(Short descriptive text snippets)

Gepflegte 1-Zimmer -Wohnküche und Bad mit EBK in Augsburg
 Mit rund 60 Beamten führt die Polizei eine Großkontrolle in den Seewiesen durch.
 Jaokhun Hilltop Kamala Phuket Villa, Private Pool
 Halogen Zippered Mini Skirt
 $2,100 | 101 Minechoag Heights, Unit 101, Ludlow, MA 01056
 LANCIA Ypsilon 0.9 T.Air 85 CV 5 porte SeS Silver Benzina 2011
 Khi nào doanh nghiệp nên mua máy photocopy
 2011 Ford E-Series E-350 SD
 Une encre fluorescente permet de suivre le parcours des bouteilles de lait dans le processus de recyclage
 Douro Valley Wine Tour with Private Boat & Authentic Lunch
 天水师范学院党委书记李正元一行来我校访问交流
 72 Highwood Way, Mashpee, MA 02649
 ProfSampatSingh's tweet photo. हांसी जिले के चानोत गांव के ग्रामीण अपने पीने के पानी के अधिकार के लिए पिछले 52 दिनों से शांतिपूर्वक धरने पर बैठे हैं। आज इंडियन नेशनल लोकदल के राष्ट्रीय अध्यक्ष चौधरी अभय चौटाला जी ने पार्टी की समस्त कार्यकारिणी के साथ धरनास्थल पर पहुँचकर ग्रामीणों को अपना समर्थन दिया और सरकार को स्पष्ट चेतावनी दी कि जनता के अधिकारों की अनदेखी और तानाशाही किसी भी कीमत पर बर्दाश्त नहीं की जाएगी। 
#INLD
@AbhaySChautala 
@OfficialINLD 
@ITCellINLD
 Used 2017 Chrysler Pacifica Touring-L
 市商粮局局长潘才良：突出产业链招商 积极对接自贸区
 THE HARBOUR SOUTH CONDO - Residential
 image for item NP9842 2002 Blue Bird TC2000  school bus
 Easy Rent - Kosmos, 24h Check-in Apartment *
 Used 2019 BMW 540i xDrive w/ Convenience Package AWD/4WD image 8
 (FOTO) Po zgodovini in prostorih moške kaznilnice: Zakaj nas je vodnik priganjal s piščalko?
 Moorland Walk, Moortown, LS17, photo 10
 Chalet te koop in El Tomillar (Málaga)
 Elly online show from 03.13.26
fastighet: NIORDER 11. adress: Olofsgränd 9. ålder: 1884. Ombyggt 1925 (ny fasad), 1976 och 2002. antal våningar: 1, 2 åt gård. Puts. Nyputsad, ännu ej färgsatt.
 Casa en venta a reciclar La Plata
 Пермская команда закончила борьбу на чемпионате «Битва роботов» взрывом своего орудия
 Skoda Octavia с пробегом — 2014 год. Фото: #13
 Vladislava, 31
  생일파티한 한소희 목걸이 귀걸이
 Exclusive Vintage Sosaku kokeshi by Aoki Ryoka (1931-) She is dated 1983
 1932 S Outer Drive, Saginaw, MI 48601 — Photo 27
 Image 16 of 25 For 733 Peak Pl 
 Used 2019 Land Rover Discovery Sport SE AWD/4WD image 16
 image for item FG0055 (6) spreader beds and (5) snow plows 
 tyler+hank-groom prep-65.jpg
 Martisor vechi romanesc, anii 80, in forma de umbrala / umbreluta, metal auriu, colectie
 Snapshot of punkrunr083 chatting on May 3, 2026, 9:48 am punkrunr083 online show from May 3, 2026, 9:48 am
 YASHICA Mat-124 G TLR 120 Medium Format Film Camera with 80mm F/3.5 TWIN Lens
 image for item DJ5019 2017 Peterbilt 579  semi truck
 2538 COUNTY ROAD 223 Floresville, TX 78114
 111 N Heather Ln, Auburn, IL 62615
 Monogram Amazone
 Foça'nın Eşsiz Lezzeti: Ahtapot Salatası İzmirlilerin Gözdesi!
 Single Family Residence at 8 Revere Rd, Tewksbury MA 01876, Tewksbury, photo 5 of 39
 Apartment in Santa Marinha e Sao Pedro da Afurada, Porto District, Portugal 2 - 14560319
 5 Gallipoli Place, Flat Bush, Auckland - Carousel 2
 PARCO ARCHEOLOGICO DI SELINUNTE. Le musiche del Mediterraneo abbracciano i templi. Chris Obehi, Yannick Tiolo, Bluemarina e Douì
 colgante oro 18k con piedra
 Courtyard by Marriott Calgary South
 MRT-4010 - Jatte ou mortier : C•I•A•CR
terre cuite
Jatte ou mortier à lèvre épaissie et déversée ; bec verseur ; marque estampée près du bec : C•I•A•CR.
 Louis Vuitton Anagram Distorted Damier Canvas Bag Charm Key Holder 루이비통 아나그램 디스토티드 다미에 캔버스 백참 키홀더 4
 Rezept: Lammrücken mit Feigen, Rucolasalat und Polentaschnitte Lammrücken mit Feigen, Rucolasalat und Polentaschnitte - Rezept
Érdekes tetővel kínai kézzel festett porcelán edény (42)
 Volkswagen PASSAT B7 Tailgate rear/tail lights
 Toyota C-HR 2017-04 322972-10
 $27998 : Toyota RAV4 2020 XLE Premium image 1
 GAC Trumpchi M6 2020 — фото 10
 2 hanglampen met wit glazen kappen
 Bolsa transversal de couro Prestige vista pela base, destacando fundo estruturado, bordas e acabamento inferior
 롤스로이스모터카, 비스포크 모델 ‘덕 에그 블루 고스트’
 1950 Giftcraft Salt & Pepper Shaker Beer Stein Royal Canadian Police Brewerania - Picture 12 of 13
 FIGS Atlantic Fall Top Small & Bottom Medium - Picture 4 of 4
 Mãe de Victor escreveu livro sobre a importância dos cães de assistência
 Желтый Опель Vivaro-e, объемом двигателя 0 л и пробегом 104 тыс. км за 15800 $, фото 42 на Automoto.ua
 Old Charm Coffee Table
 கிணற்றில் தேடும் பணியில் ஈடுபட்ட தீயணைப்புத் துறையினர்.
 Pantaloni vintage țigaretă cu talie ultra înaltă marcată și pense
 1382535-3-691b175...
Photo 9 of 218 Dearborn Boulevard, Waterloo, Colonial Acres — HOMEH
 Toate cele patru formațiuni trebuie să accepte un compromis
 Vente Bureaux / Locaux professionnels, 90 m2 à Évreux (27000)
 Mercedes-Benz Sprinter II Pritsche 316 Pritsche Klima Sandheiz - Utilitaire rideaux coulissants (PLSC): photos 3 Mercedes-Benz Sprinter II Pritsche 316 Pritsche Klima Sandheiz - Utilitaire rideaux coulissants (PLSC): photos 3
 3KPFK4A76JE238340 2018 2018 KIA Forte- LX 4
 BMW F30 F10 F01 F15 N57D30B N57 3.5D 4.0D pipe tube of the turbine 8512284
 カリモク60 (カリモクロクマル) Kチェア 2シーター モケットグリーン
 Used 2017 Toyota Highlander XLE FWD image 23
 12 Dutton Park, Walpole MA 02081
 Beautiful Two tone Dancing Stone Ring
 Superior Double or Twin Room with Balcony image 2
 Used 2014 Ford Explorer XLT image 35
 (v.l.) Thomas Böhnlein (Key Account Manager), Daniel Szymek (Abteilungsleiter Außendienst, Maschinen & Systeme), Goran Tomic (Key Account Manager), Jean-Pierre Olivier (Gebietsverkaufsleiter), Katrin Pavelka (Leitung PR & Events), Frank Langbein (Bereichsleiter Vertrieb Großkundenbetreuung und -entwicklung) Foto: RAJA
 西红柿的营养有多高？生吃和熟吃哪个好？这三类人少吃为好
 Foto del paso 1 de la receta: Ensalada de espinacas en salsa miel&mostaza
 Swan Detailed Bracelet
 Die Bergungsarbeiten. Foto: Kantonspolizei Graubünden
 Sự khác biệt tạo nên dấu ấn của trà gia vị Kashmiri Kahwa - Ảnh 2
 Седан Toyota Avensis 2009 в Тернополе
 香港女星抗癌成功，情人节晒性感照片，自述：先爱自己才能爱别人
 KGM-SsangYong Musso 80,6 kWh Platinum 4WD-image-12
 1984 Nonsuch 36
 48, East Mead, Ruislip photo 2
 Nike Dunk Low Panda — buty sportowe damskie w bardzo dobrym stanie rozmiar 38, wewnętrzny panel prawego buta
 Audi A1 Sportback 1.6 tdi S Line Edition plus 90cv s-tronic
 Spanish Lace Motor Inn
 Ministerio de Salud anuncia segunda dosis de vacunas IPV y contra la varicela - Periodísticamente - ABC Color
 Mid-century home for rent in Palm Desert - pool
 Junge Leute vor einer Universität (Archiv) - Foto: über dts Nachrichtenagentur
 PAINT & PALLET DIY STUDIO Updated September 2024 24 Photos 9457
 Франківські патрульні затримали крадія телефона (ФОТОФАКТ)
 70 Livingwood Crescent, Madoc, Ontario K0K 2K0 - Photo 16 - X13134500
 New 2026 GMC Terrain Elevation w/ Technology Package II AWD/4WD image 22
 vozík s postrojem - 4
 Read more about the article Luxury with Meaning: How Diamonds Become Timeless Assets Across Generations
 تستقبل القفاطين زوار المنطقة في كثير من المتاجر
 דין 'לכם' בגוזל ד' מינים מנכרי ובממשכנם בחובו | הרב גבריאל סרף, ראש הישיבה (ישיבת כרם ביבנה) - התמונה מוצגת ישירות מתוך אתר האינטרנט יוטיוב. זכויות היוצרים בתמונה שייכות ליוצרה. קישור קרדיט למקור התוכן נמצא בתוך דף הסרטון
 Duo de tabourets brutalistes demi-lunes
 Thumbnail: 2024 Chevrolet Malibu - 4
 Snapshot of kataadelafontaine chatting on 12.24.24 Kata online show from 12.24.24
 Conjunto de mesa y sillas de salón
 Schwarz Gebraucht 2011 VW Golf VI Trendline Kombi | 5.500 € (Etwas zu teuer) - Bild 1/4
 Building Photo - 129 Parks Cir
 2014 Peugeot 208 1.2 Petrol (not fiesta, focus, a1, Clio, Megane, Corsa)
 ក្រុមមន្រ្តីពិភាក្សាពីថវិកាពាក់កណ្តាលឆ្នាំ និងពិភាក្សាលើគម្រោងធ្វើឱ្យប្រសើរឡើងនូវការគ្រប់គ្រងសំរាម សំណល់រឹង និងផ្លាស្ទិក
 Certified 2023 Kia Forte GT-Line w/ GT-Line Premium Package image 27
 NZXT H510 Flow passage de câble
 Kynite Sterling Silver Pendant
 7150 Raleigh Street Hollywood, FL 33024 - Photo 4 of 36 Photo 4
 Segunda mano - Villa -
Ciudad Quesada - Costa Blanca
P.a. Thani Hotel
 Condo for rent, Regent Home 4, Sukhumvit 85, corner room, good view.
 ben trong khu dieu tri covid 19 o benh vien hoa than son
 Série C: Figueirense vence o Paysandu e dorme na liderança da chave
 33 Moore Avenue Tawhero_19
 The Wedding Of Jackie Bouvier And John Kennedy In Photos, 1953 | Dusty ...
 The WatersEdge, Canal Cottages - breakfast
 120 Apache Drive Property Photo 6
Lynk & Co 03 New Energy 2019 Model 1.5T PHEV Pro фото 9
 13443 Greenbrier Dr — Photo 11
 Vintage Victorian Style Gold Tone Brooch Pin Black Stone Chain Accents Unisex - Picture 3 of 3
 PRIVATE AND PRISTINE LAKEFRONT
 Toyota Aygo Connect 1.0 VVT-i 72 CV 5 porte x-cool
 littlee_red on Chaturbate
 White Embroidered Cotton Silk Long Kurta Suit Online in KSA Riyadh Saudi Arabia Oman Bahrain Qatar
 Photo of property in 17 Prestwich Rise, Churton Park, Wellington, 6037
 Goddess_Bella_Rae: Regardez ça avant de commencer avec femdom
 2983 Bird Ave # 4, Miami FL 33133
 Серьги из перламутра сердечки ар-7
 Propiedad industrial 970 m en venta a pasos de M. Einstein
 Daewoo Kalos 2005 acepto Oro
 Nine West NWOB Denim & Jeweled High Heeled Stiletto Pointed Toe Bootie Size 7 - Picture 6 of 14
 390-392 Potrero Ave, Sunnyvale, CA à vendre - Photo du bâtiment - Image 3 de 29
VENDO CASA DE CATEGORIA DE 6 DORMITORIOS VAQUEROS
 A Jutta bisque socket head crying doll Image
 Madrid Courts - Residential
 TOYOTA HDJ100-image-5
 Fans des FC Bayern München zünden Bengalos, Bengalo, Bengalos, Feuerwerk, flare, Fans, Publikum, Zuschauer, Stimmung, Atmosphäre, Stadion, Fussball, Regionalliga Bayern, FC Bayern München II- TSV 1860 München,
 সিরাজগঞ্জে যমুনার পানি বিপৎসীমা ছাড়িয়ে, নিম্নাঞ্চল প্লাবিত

#### Task item:
Nothing beyond the lines from the start of the entries through the line with "tyler+hank-groom prep-65.jpg" should appear. Repeat those lines exactly, both ends included.

#### Worked solution:
Gepflegte 1-Zimmer -Wohnküche und Bad mit EBK in Augsburg
 Mit rund 60 Beamten führt die Polizei eine Großkontrolle in den Seewiesen durch.
 Jaokhun Hilltop Kamala Phuket Villa, Private Pool
 Halogen Zippered Mini Skirt
 $2,100 | 101 Minechoag Heights, Unit 101, Ludlow, MA 01056
 LANCIA Ypsilon 0.9 T.Air 85 CV 5 porte SeS Silver Benzina 2011
 Khi nào doanh nghiệp nên mua máy photocopy
 2011 Ford E-Series E-350 SD
 Une encre fluorescente permet de suivre le parcours des bouteilles de lait dans le processus de recyclage
 Douro Valley Wine Tour with Private Boat & Authentic Lunch
 天水师范学院党委书记李正元一行来我校访问交流
 72 Highwood Way, Mashpee, MA 02649
 ProfSampatSingh's tweet photo. हांसी जिले के चानोत गांव के ग्रामीण अपने पीने के पानी के अधिकार के लिए पिछले 52 दिनों से शांतिपूर्वक धरने पर बैठे हैं। आज इंडियन नेशनल लोकदल के राष्ट्रीय अध्यक्ष चौधरी अभय चौटाला जी ने पार्टी की समस्त कार्यकारिणी के साथ धरनास्थल पर पहुँचकर ग्रामीणों को अपना समर्थन दिया और सरकार को स्पष्ट चेतावनी दी कि जनता के अधिकारों की अनदेखी और तानाशाही किसी भी कीमत पर बर्दाश्त नहीं की जाएगी। 
#INLD
@AbhaySChautala 
@OfficialINLD 
@ITCellINLD
 Used 2017 Chrysler Pacifica Touring-L
 市商粮局局长潘才良：突出产业链招商 积极对接自贸区
 THE HARBOUR SOUTH CONDO - Residential
 image for item NP9842 2002 Blue Bird TC2000  school bus
 Easy Rent - Kosmos, 24h Check-in Apartment *
 Used 2019 BMW 540i xDrive w/ Convenience Package AWD/4WD image 8
 (FOTO) Po zgodovini in prostorih moške kaznilnice: Zakaj nas je vodnik priganjal s piščalko?
 Moorland Walk, Moortown, LS17, photo 10
 Chalet te koop in El Tomillar (Málaga)
 Elly online show from 03.13.26
fastighet: NIORDER 11. adress: Olofsgränd 9. ålder: 1884. Ombyggt 1925 (ny fasad), 1976 och 2002. antal våningar: 1, 2 åt gård. Puts. Nyputsad, ännu ej färgsatt.
 Casa en venta a reciclar La Plata
 Пермская команда закончила борьбу на чемпионате «Битва роботов» взрывом своего орудия
 Skoda Octavia с пробегом — 2014 год. Фото: #13
 Vladislava, 31
  생일파티한 한소희 목걸이 귀걸이
 Exclusive Vintage Sosaku kokeshi by Aoki Ryoka (1931-) She is dated 1983
 1932 S Outer Drive, Saginaw, MI 48601 — Photo 27
 Image 16 of 25 For 733 Peak Pl 
 Used 2019 Land Rover Discovery Sport SE AWD/4WD image 16
 image for item FG0055 (6) spreader beds and (5) snow plows 
 tyler+hank-groom prep-65.jpg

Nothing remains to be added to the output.